START Given material

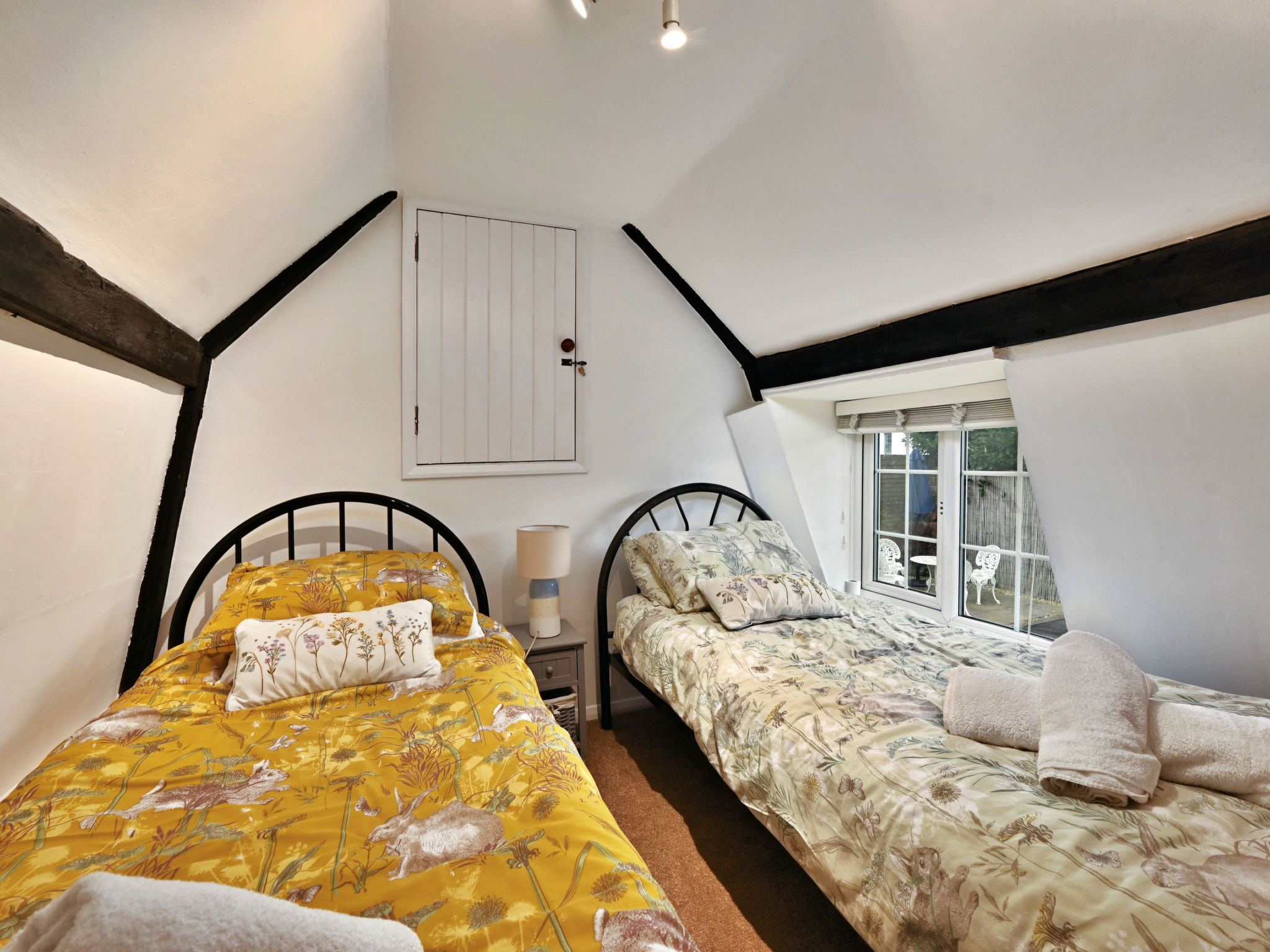 The Old Barn, Hadlow - Inside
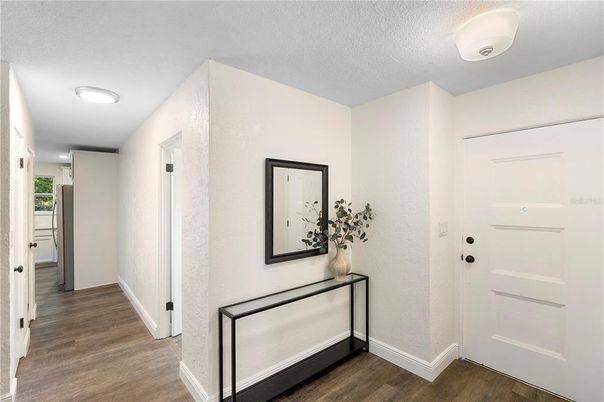 Interior, Recessed Lighting, Wood Texture Flooring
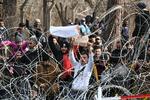 Migranter sidder fast i Pazarkule i Tyrkiet, som er en af landets grænser til Grækenland, efter at Tyrkiets præsident, Recep Tayyip Erdogan, har sagt, at de kan rejse frit til EU. Grækerne har forstærket forsvarets af en af EU's ydre grænser. Foto: Alexandros Avramidis/Ritzau Scanpix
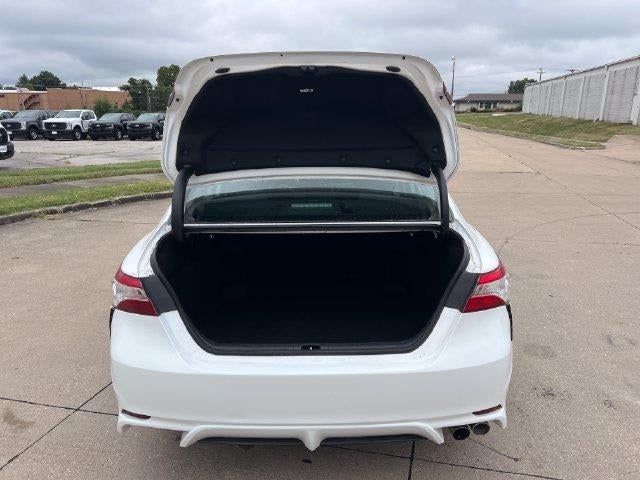 2020 Toyota Camry SE Auto (SE)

END Given material

◆ How to complete this task:
With the pictures set aside, write out the whole listing exactly.

◆ Result of the task:
 The Old Barn, Hadlow - Inside
 Interior, Recessed Lighting, Wood Texture Flooring
 Migranter sidder fast i Pazarkule i Tyrkiet, som er en af landets grænser til Grækenland, efter at Tyrkiets præsident, Recep Tayyip Erdogan, har sagt, at de kan rejse frit til EU. Grækerne har forstærket forsvarets af en af EU's ydre grænser. Foto: Alexandros Avramidis/Ritzau Scanpix
 2020 Toyota Camry SE Auto (SE)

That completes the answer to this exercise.